By our correspondents
March 29, 2017

ISLAMABAD: The economic coordination committee of the cabinet (ECC) on Tuesday allowed sugar mills to export 200,000 tonnes of sugar by 31 May, saying the decision was made in line with the industry’s recommendations. 

The ECC meeting, chaired by the finance minister Ishaq Dar discussed and approved a proposal by the ministry of commerce for further export of 0.200 million metric tonnes of sugar without any subsidy.

It was decided that the sugar export would be made within 60 days after approval of export quota by the State Bank of Pakistan or by 31 May, 2017, whichever is earlier.  It was further decided that only those mills, which have cleared outstanding dues of farmers relating to last season and have crushed at optimum capacity, will be allowed to export.

In December 2016, the ECC had allowed 225,000 tonnes of sugar export till 31 March, 2017 with a condition that the inter-ministerial committee would recommend to the ECC stoppage of further export in case of sugar price hike in the domestic market.  Subsequently, the Pakistan Sugar Mills Association, representing 90 sugar mills across the country, ran an advertisement campaign, requesting the government to increase export quota and timeline given the surplus inventory. The association urged the government to revise the annual sugar export quota to one million tonnes. 

“The ECC gave approval for extending the time line and enhancing the quantity of exports in the light of these recommendations,” the committee said in a statement. “A close watch would be maintained on the domestic sugar prices with a view to suspend exports in case of adverse impact on domestic prices.”

Pakistan produces around six million tonnes of sugar and consumes only around 4.5 million tonnes a year. Moreover, the committee also approved an extension in the period of the reduced rate of withholding tax at 0.4 percent for non-filers up to 30 June, in consideration of a proposal submitted by the revenue division. 

It also gave approval to the disbursement of one month salary for December 2016, amounting to Rs380 million, for employees of Pakistan Steel Mills. ECC also approved a proposal by the food ministry to procure wheat (2016/17 crop) against the target of 7.05 million tonnes for an estimated Rs224.86 billion. 

The committee said public sector’s wheat stocks help augment supplies during the lean period and fulfill the food requirements of deficient areas. ECC further approved a proposal put forth by the ministry of petroleum and natural resources for changes in the existing procedures for sampling and testing of imported petroleum products.

Therefore, the Hydrocarbon Development Institute of Pakistan (HDIP) laboratory will test quality of imported petroleum products prior to unloading.

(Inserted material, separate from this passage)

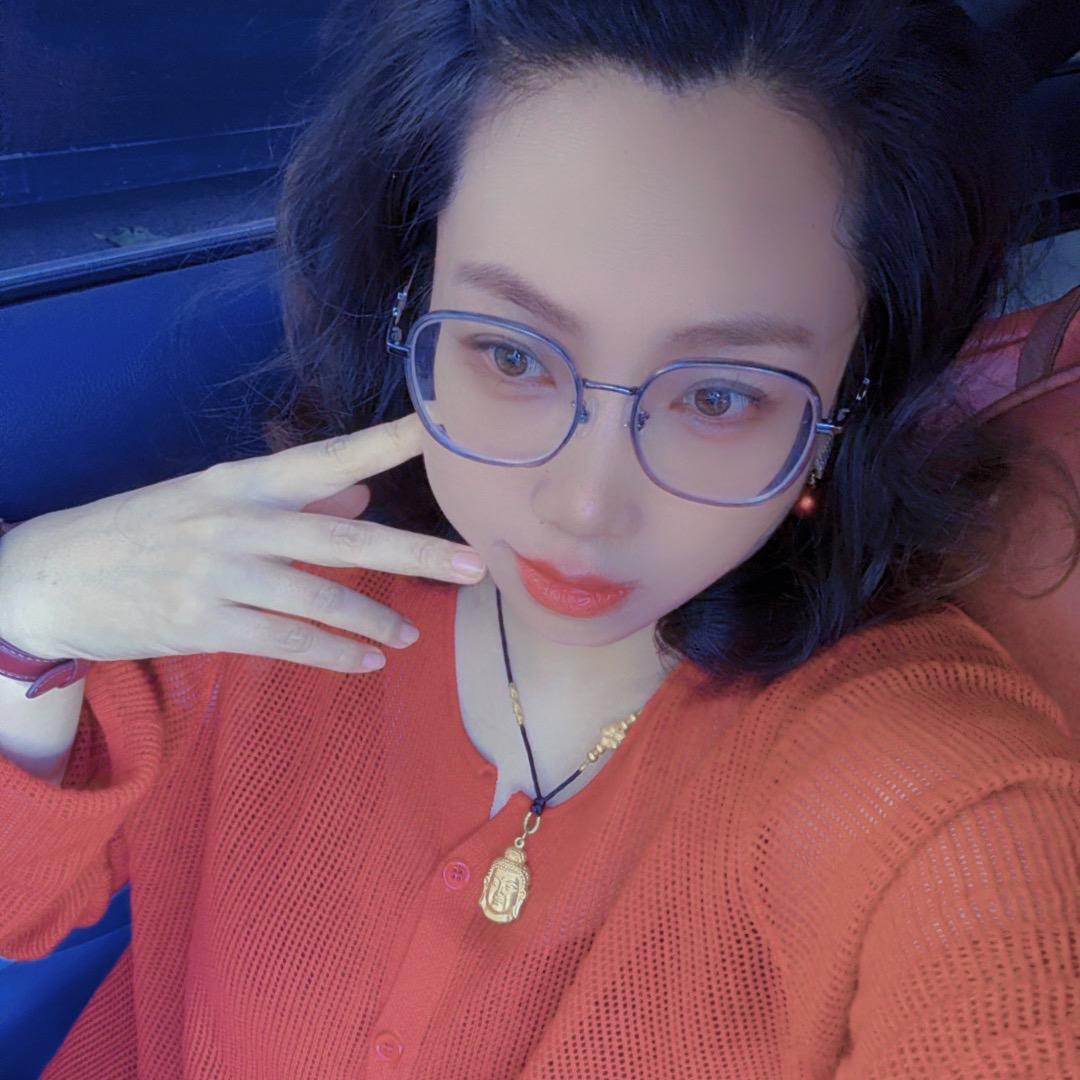 臻儿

The institute will also carry out the product’s sampling for quality analysis in the presence of importer’s surveyors. 

In case of quality dispute, re-sampling would be made by a third party surveyor in the presence of authorised representatives of concerned stakeholders, including HDIP. The fresh sample would be tested in the presence of nominated representatives of the importer and HDIP by another independent laboratory, preapproved by the Oil and Gas Regulatory Authority (OGRA). 

It was decided that the OGRA would also independently carry out random sampling from vessels carrying imported petroleum products for testing through any of the laboratories approved by the authority for effective monitoring, quality assurance and greater transparency in the process.

The ECC also considered another proposal from the petroleum ministry regarding the gas allocation from the Kandhkot field of Pakistan Petroleum Limited (PPL). The committee may validate the allocation of 150 million metric cubic feet/day (mmcfd) – including 100mmcfd directly through PPL and 50mmcfd from Sui Northern Gas Pipelines Limited – to Thermal Power Station Guddu (TPSG). The allocation arrangement had expired in 2013. 

Further, PPL would supply 50mmcfd additional gas to TPSG with effect from 1 June or the date of commissioning of TPSG’s new pipeline, whichever is earlier.  The entire 200mmcfd direct gas supply will be subject to minimum 72.5 percent take-or-pay quantity. Moreover, the outstanding receivables against supply of gas to TPSG would be settled forthwith subject to reconciliation, said the committee.